Scheduling the exam was simple. An email was sent to my inbox once the state received my application. A little over two weeks later, I received an email from Pearson VUE to schedule my exam.
Once scheduled, I received a confirmation email for my appointment. According to the email, I was to bring two forms of ID and a printout of the email provided. The place I went for the exam did not require me to bring the email, but each testing site is different. Each location will have a different plan in place for checking people in and what they require from each person. The email suggested I arrive 15 minutes prior, but I would suggest going earlier. Each location has its procedures in place for COVID that take more time. I took my exam at the Goodwill of Southwestern Pennsylvania in Pittsburgh, PA.
At this location, they had me sign in, then present my ID to the person administering the test.
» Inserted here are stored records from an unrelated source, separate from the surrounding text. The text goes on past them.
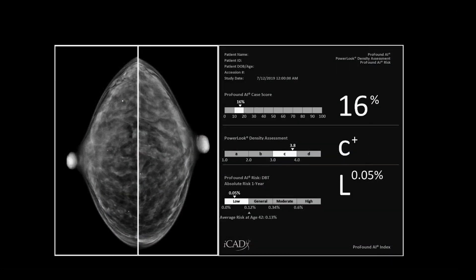This patient had high breast density but was considered at a low level of risk. I would recommend annual DBT for her as well as supplemental screening with breast ultrasound due to her breast density.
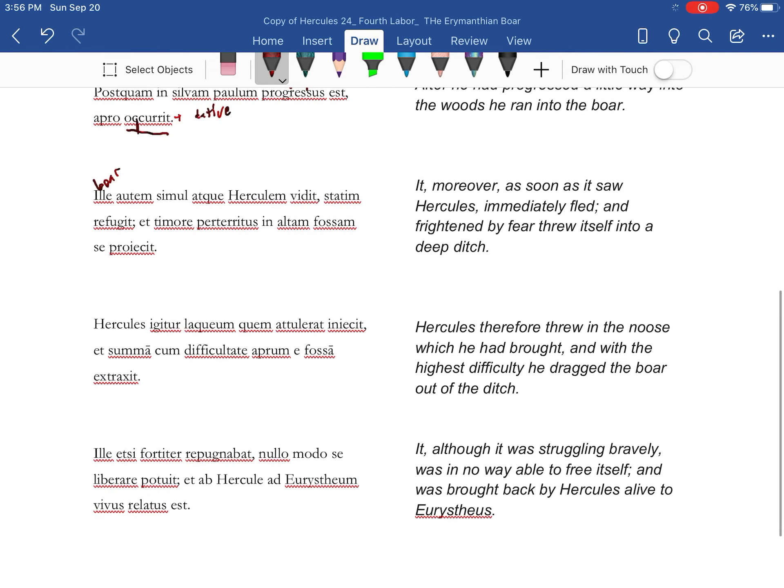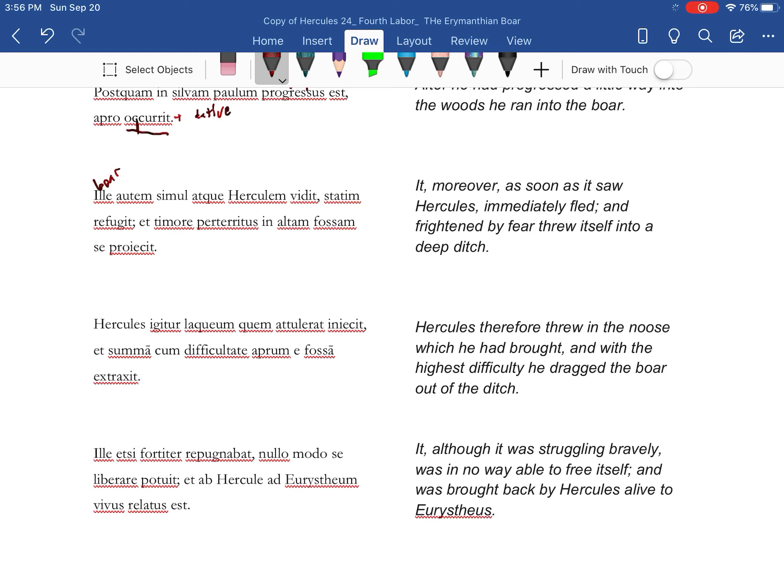And then, ILA, subject change, going for the boar. That one, moreover, simulaque, as soon as you saw Hercules, immediately ran away. And, frightened by fear, projecit se, threw itself into a deep ditch.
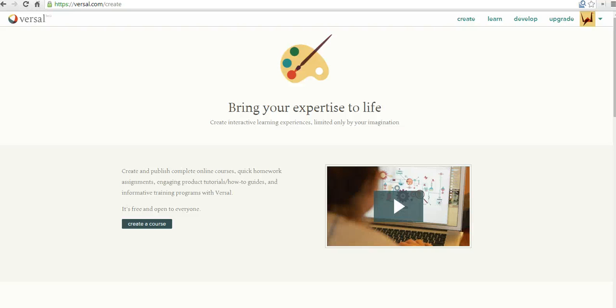Hi, this is Richard Byrne at freetechforteachers.com. In this video, I want to show you how you can create your own online course using Versal, which you can find at versal.com.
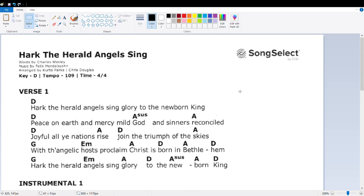Joyful all ye nations rise. Join the triumph of the skies. With angelic hosts proclaim, Christ is born in Bethlehem. Hark the herald angels sing.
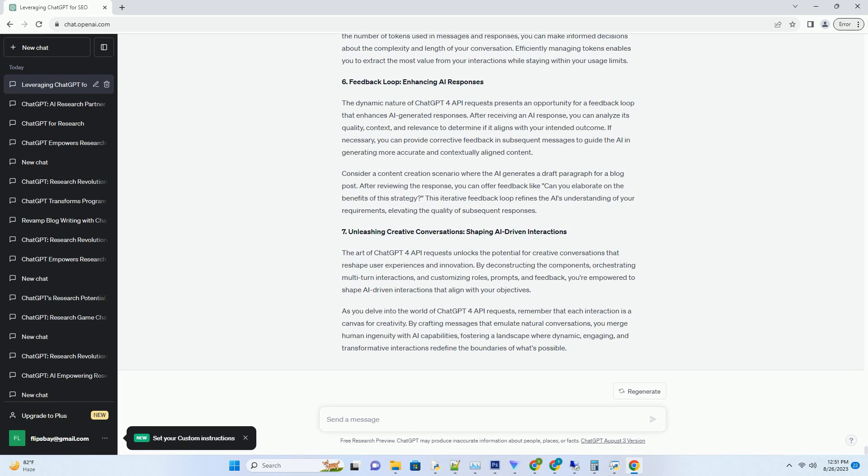Consider a content creation scenario where the AI generates a draft paragraph for a blog post. After reviewing the response, you can offer feedback like 'can you elaborate on the benefits of this strategy.' This iterative feedback loop refines the AI's understanding of your requirements, elevating the quality of subsequent responses.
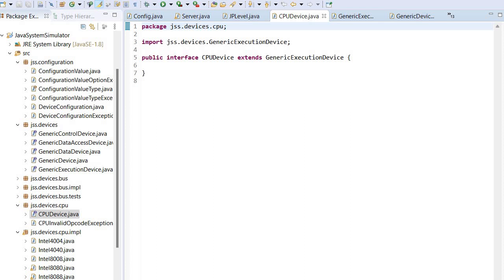At this point, the CPU device is just another name for the generic execution device. Why a generic execution device?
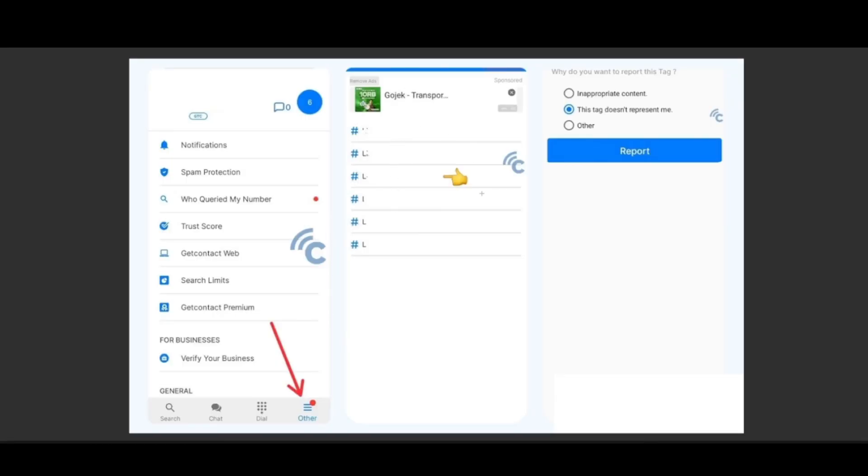Choose whichever tag you want to get rid of and swipe to the left until a trash can icon appears.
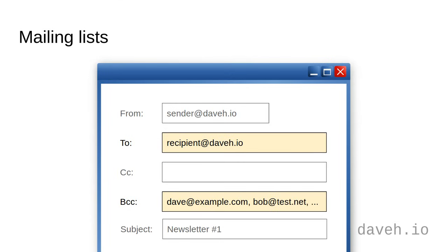It's common practice to use the bcc field when sending an email to a lot of recipients that don't need to know each other.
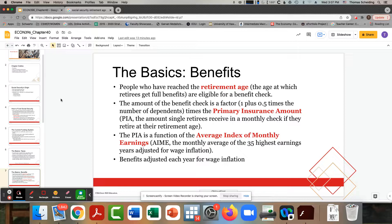To determine your benefit amount, the government looks at your AIME — the average of your 35 highest earning years. This works to the disadvantage of a single parent who had to take time off to raise children, leaving years with zero income. My mother had a number of zero-income years, so she had to work longer to replace them. There's a gender fairness issue in that calculation.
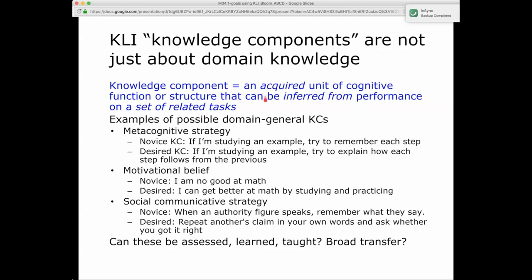Here are some possible examples of domain-general knowledge components. A novice metacognitive strategy might be: if I'm studying an example, try to remember each step — that's mere memorizing. The desired metacognitive strategy should be: if I'm studying an example, try to explain how each step follows from the previous. Motivational beliefs can also be knowledge components, but they have to be something that can be changed — malleable — something that can be acquired, where a student wasn't able to do or believe it before and now does.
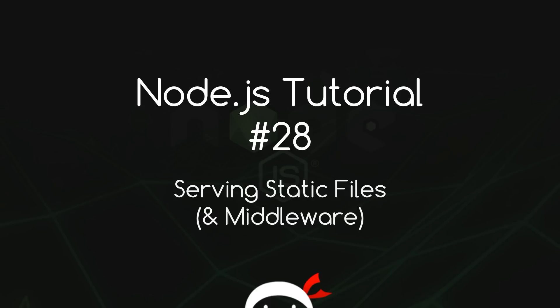Yo, what's happening guys? Welcome to your 28th Node.js tutorial and in this video I'm going to show you how we can serve up static files and talk a little bit about middleware.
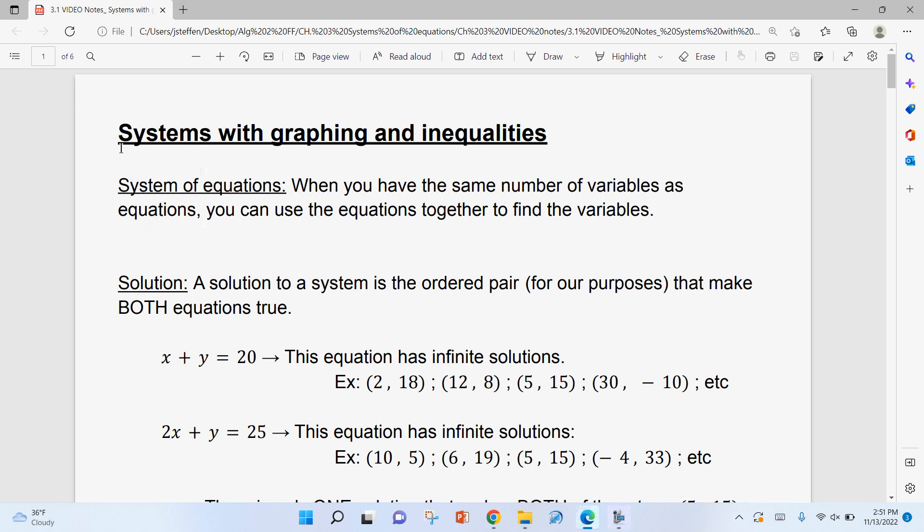This lesson is solving systems of equations with graphing. We'll also do some systems of inequalities. A lot of textbooks don't put those together in the same lesson, but I think they fit really well together because it's all graphing. And we kind of already know how to do inequalities — we did those with transformations and the different parent functions, and also with normal lines back in Chapter 2.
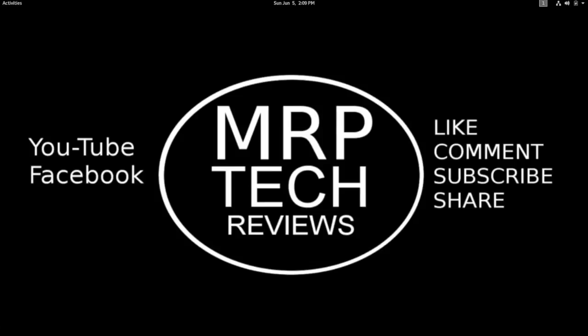Hi, this is Matt from the MRP Tech Podcast, and this is a review on Arch Linux. This is a video that I've been wanting to do for a very long time, and if you're listening to this on the RSS feed for my podcast, you may want to check out my YouTube channel and see the video review.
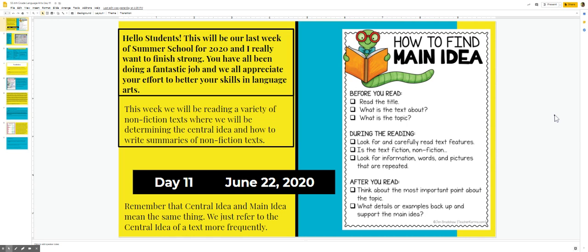Hello students! This will be our last week of summer school for 2020 and I really want to finish strong. You have all been doing a fantastic job and we all appreciate your effort to better your skills in language arts.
I brought my driver’s license and debit card as my identification. They then took my photo and locked up my personal items including my phone, car keys, and wallet. You are not allowed to have anything on you in the testing room.
I was then set up on a computer to take the exam. It took about 20 minutes of the allotted 60 minutes for me to finish. You can go over the questions several times before submitting the exam. Once I finished, the person administering the test told me my score, gave me a printout of it, and sent me on my way.
Once I passed, PAN was notified that I was approved to be appointed and are currently in the process of giving me my $10,000 notary bond. Once I receive that bond, I must get sworn in within 45 days.
The process was made very easy by working with PAN, and the exam went smoothly for me due to the questions PAN provides on all their practice tests and training. If you are considering becoming a notary through PAN, do it! The association takes away the stress of doing it all yourself.